Mais n’y a-t-il pas une forme de naïveté de votre part d’avoir cru au « sans filtre », ou de stratégie en faisant semblant d’y croire?
Certes, toutes les propositions n’étaient pas formulées de façon à pouvoir être « sans filtrable ». On a toujours été d’accord pour sans filtrer les sans filtrable. Les autres pouvaient faire l’objet d’un travail. Mais par exemple, le malus sur les voitures les plus polluantes, c’était sans filtrable! Quand on relève le poids de 1,4 à 1,8 tonnes et que ça réduit le nombre de voitures concernées par le malus, qu’on ne vienne pas me dire que ça relève de la compétence technique des ministères! C’est clairement l’intérêt de l’industrie automobile. Il faut arrêter de prendre les gens pour des imbéciles. Si le ministère de la Transition écologique faisait un travail technique pour améliorer la rédaction des propositions des citoyens, en respectant leur ambition, on ne serait pas en train de faire des pétitions! Je suis prêt à travailler avec un gouvernement avec lequel je ne partage pas tout un tas d’options – par exemple les violences policières me révoltent – mais il faut un peu de bonne foi et d’honnêteté de leur côté.
Le texte est attendu en mars à l’Assemblée, faites-vous confiance aux députés pour l’améliorer?
J’ai envie de leur faire confiance. Parmi eux, il y en a plein qui ont vraiment envie que l’écologie avance. La difficulté en France, est que le Parlement n’a pas les moyens d’instruire de façon aussi précise que le gouvernement les propositions de la Convention citoyenne. C’est pour ça que le « sans filtre » n’est pas appliqué. Le rôle du Parlement dans la Ve République est faible. Mais si les députés peuvent améliorer le débat, je dis chiche!
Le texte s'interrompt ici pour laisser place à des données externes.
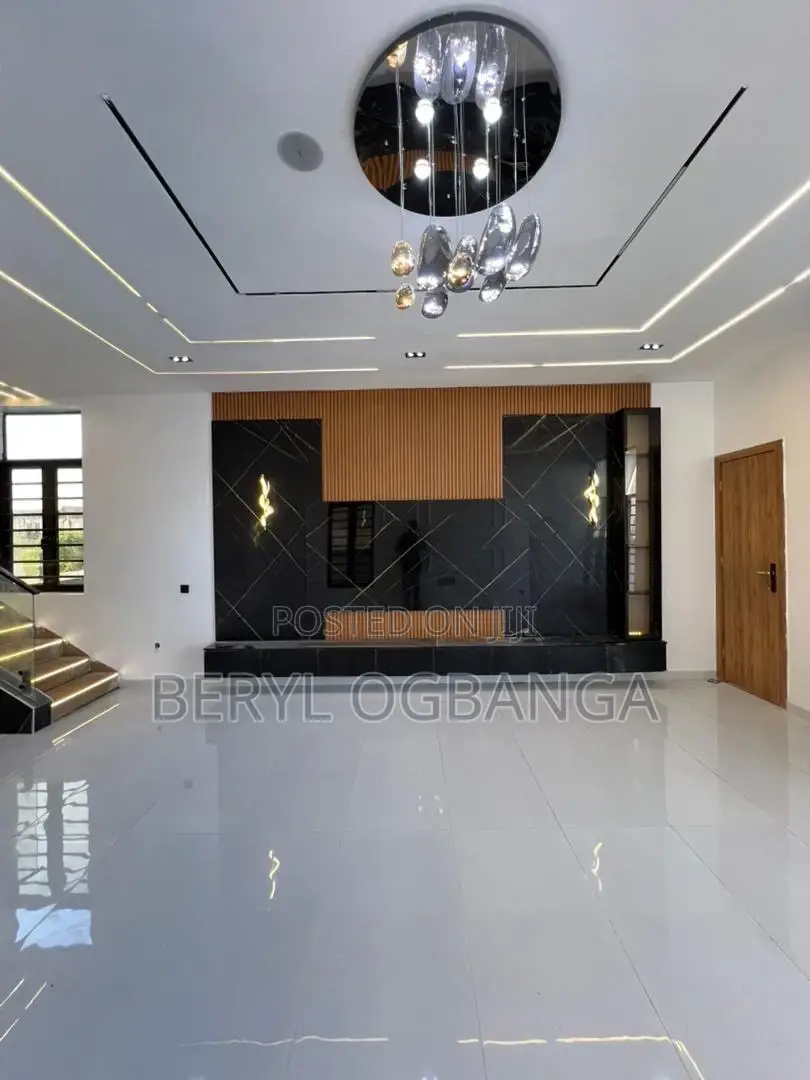 Furnished 2bdrm Apartment in Ahmadu Bello Way for sale in Ahmadu Bello Way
Si on aboutit à un projet de loi climat vraiment ambitieux qui répond aux objectifs fixés par les Accords de Paris, je serai le premier à applaudir
Même si toutes les propositions ne sont pas reprises, ce sera le texte le plus important du quinquennat sur l’écologie. N’est-ce pas déjà une avancée?
Contrairement à ce que Macron affirme, personne n’a dit que les propositions étaient à prendre ou à laisser. Personne ne dit « si vous ne prenez pas tout, c’est nul ». Si on aboutit à un projet de loi climat vraiment ambitieux qui répond aux objectifs fixés par les Accords de Paris, je serai le premier à applaudir. Mais vous voyez bien : le mandat des citoyens était de réduire les objectifs d’émissions de gaz à effet de serre de 40% d’ici à 2030 par rapport au niveau de 1990, l’Union européenne va rehausser son objectif entre 50 et 55%, la Grande-Bretagne vient d’annoncer qu’elle fixait – 68% ; donc réduire la portée des propositions de la Convention, malheureusement, ça va nous emmener à une réduction de 20% au mieux des émissions. Or, pour être dans les clous des Accords de Paris, la France devrait réduire de 60 ou 65% ses émissions. La vraie question est là, ce n’est pas seulement une question politique : est-on à la hauteur du problème qui se pose à nous et qui est un problème d’urgence vitale pour les générations futures?